Une réponse efficace à la pénurie de logements

"On ne peut pas tout surélever, heureusement", ajoute M. Mignery, mais "le potentiel est d'environ 10% des bâtiments existants". Tout dépend du plan local d'urbanisme, de l'année et la typologie de construction, des réglementations sismiques et de la possibilité de trouver des promoteurs, qui ont tendance à venir à reculons, explique-t-il.

"Cela ne résoudra pas la crise du logement ou de la rénovation énergétique mais cela y contribue."

"Cela permettrait de traiter 85% des besoins en construction de logements pour les dix prochaines années."

"C'est considérable et c'est une autre façon de réfléchir pour les élus", dit-il.

Evaluée entre 125 et 300 milliards d'euros, la réhabilitation énergétique des bâtiments avance trop lentement en France, relevait en novembre le Conseil économique et social (CESE), en recommandant la surélévation parmi les solutions à activer.

Esthétiquement, ajouter des étages peut apporter une touche contemporaine ou être invisible.

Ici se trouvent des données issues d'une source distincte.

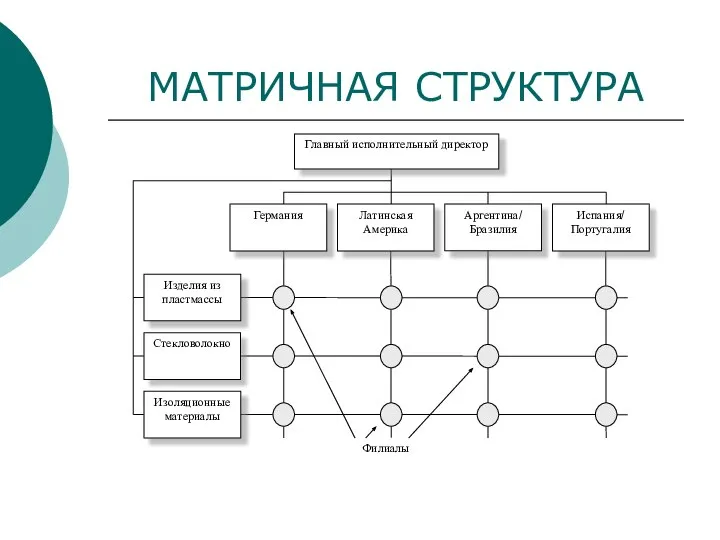 МАТРИЧНАЯ СТРУКТУРА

Techniquement, cela peut même renforcer l'immeuble, assure l'architecte Jean-Thomas Finateu : "On enlève en poids en retirant l'ancien toit, on construit un nouveau plancher portant l'étage supérieur et on a un chaînage béton autour sur lequel le poids se répartit".

"C'est très long et il faut beaucoup de pugnacité"

Financièrement, c'est la martingale."Ce n'est pas nouveau, ça fait partie de l'évolution naturelle des villes mais cela permet de lever de l'argent pour rénover", souligne l'architecte  François Pelegrin, qui parle de "trésor caché" mais prévient : "C'est très long et il faut beaucoup de pugnacité".

Son livre publié en 2021, "Le bonheur est sur le toit", est truffé d'exemples de projets bloqués par le recours d'un copropriétaire vivant au dernier étage ou par une mairie.

"Il faut énormément de temps et d'argent", abonde Eli Ben Sadoun, directeur commercial du promoteur spécialisé L'Atelier parisien de surélévation qui a livré deux réalisations depuis sa création en 2015. La société revendique une cinquantaine de projets en cours.

"Il faut beaucoup de pédagogie dans les copropriétés et il y a des freins réglementaires en termes d'urbanisme", résume-t-il.

Des factures de chauffage divisées par trois !

Dans le 19e arrondissement de Paris, son entreprise termine la rénovation du n°5 rue du Dr Potain. Trois étages ont été ajoutés à cet immeuble de 1910 qui en comptait six, et six appartements mis en vente, à des tarifs élevés pour le quartier, plus de 10.000 euros le m² justifiés par une vue sur la Tour Eiffel.

Double-vitrages, chaufferie neuve, façades isolées par l'extérieur sur toute la hauteur : rue Potain, le charme de l'ancien n'a pas complètement disparu, ni certains inconvénients comme l'exiguïté des logements, mais l'immeuble s'est offert un lifting, et même un ascenseur.

"C'était une méga-passoire thermique. On a fait tous les travaux pour zéro euro, ça aurait été bête de dire non !", se félicite Patrice Petriarte, président du conseil syndical. 

Même si le chantier, débuté en 2020, joue les prolongations, les économies mensuelles de chauffage sont déjà monumentales : "On est passé de 150 à 45 euros".